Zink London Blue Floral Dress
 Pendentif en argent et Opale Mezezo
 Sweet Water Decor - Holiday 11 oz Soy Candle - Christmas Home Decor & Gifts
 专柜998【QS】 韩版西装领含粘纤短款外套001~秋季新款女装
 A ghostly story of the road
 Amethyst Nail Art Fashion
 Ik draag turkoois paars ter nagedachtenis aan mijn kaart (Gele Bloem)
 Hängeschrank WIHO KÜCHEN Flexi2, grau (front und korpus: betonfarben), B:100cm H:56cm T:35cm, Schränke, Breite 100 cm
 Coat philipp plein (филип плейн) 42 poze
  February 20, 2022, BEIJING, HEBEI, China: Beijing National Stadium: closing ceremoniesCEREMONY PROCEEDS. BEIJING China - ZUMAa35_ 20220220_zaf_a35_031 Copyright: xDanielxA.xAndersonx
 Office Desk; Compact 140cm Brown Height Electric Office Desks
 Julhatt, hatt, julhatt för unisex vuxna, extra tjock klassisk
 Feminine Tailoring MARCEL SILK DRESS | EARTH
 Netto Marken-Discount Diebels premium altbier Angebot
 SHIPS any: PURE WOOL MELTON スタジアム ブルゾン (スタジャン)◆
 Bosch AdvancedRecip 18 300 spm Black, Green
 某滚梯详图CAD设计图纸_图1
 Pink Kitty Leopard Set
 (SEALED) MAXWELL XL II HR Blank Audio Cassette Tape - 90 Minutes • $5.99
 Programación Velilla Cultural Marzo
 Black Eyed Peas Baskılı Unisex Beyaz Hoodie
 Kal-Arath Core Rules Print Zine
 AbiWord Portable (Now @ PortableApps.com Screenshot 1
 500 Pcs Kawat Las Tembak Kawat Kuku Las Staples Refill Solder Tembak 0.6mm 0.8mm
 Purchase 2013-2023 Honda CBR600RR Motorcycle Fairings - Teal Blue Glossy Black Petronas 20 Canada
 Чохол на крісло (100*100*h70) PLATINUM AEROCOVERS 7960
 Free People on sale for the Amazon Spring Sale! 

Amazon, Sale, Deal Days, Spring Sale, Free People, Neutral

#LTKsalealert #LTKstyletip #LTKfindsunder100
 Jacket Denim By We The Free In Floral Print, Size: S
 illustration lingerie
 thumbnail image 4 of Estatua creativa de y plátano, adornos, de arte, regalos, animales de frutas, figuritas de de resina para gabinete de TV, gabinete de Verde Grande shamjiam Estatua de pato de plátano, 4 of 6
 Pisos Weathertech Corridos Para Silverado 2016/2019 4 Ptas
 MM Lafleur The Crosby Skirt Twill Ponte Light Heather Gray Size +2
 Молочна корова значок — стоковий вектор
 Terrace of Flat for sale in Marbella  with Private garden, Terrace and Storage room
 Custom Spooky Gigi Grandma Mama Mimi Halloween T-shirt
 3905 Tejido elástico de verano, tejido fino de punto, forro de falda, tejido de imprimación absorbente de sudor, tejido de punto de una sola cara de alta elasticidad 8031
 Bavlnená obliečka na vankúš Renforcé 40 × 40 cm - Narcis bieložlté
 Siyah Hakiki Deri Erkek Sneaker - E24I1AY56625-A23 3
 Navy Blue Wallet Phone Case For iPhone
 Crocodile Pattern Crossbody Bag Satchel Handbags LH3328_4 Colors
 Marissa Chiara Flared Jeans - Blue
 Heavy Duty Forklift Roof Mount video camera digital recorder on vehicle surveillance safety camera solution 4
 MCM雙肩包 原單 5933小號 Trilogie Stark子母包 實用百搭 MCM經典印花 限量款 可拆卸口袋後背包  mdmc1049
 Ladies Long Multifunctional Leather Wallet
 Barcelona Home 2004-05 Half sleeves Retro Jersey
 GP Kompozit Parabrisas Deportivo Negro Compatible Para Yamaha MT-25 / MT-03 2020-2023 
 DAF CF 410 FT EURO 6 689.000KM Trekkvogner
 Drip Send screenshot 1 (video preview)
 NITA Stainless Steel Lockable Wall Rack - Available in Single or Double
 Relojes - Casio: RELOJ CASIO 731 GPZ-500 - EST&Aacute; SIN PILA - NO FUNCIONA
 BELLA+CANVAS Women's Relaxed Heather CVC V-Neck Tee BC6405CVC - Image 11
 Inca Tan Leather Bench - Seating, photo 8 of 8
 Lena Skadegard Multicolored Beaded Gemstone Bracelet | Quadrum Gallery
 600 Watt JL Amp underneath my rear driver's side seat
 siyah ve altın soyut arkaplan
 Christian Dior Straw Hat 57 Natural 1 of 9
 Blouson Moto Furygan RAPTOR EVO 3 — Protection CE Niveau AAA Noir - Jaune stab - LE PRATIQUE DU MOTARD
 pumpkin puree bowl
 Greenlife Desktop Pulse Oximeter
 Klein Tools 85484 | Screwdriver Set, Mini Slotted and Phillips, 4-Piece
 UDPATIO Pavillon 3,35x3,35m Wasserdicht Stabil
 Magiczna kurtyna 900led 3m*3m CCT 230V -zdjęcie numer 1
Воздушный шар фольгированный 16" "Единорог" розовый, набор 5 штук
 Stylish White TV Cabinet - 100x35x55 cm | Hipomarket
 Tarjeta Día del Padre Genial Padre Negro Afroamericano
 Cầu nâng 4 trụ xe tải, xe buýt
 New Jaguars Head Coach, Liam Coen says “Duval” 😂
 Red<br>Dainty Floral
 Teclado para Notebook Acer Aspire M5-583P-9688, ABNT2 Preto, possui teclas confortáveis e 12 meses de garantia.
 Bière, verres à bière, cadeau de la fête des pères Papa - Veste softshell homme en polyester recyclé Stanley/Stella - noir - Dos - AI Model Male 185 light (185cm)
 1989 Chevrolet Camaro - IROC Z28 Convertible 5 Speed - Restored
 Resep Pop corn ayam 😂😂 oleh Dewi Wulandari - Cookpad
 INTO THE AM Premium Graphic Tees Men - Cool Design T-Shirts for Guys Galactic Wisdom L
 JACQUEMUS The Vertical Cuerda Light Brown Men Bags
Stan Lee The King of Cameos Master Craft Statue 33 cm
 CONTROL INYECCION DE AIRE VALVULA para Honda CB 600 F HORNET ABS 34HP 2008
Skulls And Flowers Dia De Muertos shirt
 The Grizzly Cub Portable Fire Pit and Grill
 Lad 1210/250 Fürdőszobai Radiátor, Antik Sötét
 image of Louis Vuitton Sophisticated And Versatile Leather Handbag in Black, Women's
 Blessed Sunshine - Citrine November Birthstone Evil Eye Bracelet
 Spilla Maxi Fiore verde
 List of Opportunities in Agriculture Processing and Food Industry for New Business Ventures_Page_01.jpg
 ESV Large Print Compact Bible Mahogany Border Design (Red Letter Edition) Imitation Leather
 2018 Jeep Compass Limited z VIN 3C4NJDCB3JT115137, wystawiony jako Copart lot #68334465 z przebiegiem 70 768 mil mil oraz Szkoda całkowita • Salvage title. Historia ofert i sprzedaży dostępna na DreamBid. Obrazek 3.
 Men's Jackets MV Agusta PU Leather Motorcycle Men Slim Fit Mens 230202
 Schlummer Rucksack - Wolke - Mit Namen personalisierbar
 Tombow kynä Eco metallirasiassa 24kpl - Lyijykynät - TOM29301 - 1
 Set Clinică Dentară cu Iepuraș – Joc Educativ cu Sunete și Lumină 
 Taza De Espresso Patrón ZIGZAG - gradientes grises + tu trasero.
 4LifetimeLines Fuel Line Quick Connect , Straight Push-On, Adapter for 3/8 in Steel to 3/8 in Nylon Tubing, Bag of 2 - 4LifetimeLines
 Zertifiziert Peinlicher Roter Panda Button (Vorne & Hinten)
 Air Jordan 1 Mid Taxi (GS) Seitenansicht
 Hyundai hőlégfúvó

> EXERCISE DIRECTIONS: The answer must be a single number: how many lines above contain "Bracelet".

> WRITTEN REPLY: 2